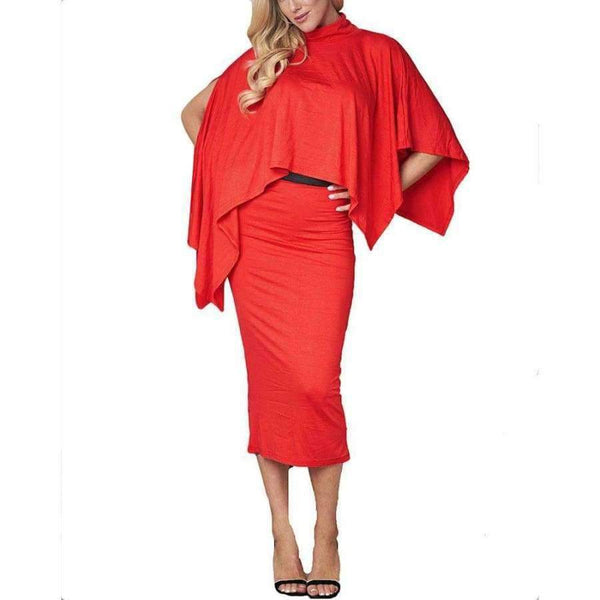 Planet Gates Autumn New Cloak Women Set Elegant Top And Package Hip Skirt Sexy Sets High Neck Split Female Two Pieces Suit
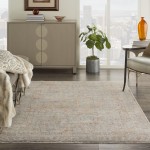 Nourison Lustrous Weave LUW02 Area Rug, Grey/Brick, 5'3" x 7'9"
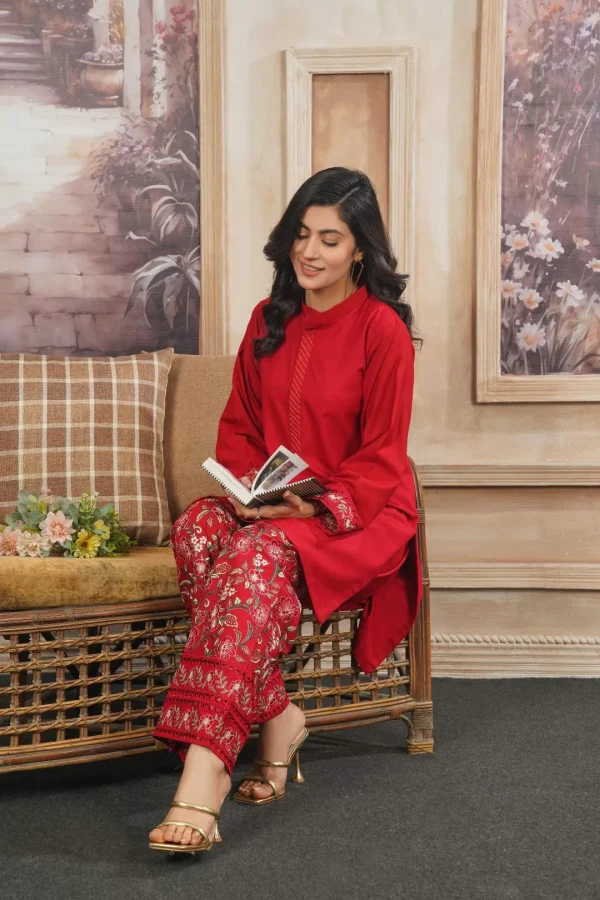 Fabric: Dhanak-Red Embroidery - Image 6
________________________________________
How to complete this task
All that is needed is the data above, repeated exactly, without the pictures.

Expected output
 Planet Gates Autumn New Cloak Women Set Elegant Top And Package Hip Skirt Sexy Sets High Neck Split Female Two Pieces Suit
 Nourison Lustrous Weave LUW02 Area Rug, Grey/Brick, 5'3" x 7'9"
 Fabric: Dhanak-Red Embroidery - Image 6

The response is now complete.